2.      Pimpinan kedua bidang ini perlu diletakkan dalam satu tangan.

Berdasarkan ketentuan di atas, pemerintah ingin menghentikan praktek pemerintahan dualisme di daerah untuk kemudian diletakkan pada satu tangan yakni kepala daerah sebagai pelaksana asas desentralisasi. Konsekuensi logis dari kebijakan tersebut maka korps pamong praja yang merupakan wakil pemerintah pusat di daerah dihapuskan.

 

·           Pada Masa Pemerintahan Orde Baru

Keberadaan korps pamong praja mencapai puncaknya pada saat berlakunya UU Nomor 5 Tahun 1974 tentang Pokok-pokok Pemerintahan di Daerah. Korps pamong praja diartkan sebagai pejabat pemerintah pusat yang berada di daerah dengan tugas utama menjalankan urusan pemerintahan umum, yang meliputi koordinasi, pembinaan dan pengawasan serta urusan residual. Namun pada kenyataannya, peran asas dekonsentrasi lebih dominan dibandingkan asas desentralisasi. Untuk menghilangkan dualisme pemerintahan yang sudah berjalan sejak zaman kemerdekaan, digunakan prinsip uniteritorial dan unipersonil.

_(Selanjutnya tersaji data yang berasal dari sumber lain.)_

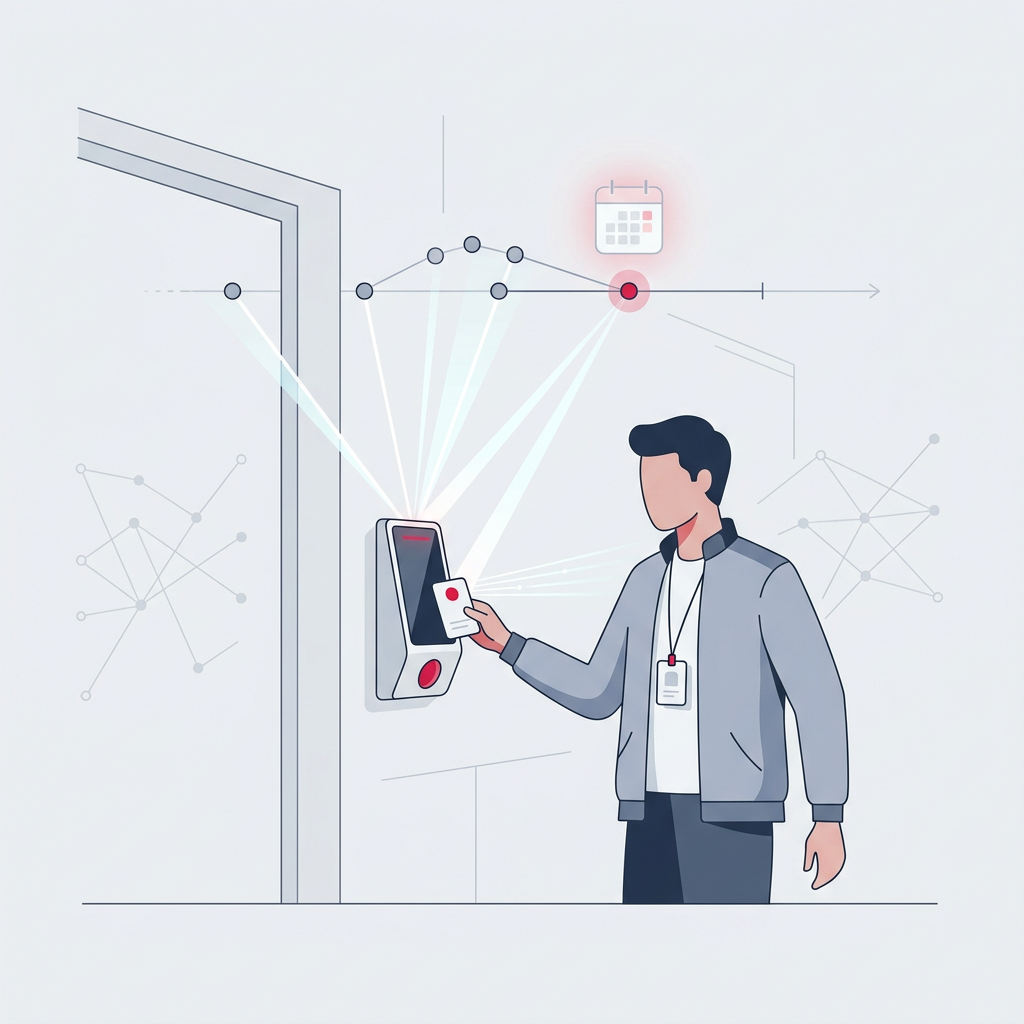 Mano che inserisce una chiave digitale in una serratura intelligente Raixer, a simboleggiare la 'date of issue' e il controllo accessi.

Melalui kedua prinsip tersebut, maka jajaran korps pamongpraja pada era ini yakni sebagai berikut:

1)      Presiden;

2)      Menteri Dalam Negeri;

3)      Gubernur Kepala Wilayah Provinsi yang secara ex-officio dijabat oleh Kepala Daerah Tingkat I serta organisasi pemerintah daerah yang menangani urusan pemerintahan umum;

4)      Bupati/Walikotamadya Kepala Wilayah Kabupaten/Kota yang secara ex-officio dijabat oleh Kepala Daerah Tingkat II, serta organisasi pemerintah daerah yang menangani urusan pemerintahan umum;

5)      Walikota Administratif (tentatif);

6)      Camat Sebagai Kepala Wilayah.

                                   

Masing-masing kepala wilayah dibantu oleh unit-unit pemerintahan dalam rangka asas dekonsentrasi. Di bawah Gubernur Kepala Wilayah Provinsi masih ada jabatan Pembantu Gubernur yang sifatnya tentatif, tetapi mereka bukan kepala wilayah. Nama pembantu Gubernur kemudian diganti menjadi Badan Koordinasi Wilayah (Bakorwil). Demikian pula di bawah bupati/walikotamadya masih ada jabatan pembantu bupati/walikotamadya atau patih yang sifatnya tentatif serta bukan merupakan kepala wilayah. Para pejabat ini juga masuk kategori korps pamong praja karena menjalankan sebagian urusan pemerintahan umum yang ada di wilayah kerjanya berdasatkan pendelegasian kewenangan dari kepala wilayah. 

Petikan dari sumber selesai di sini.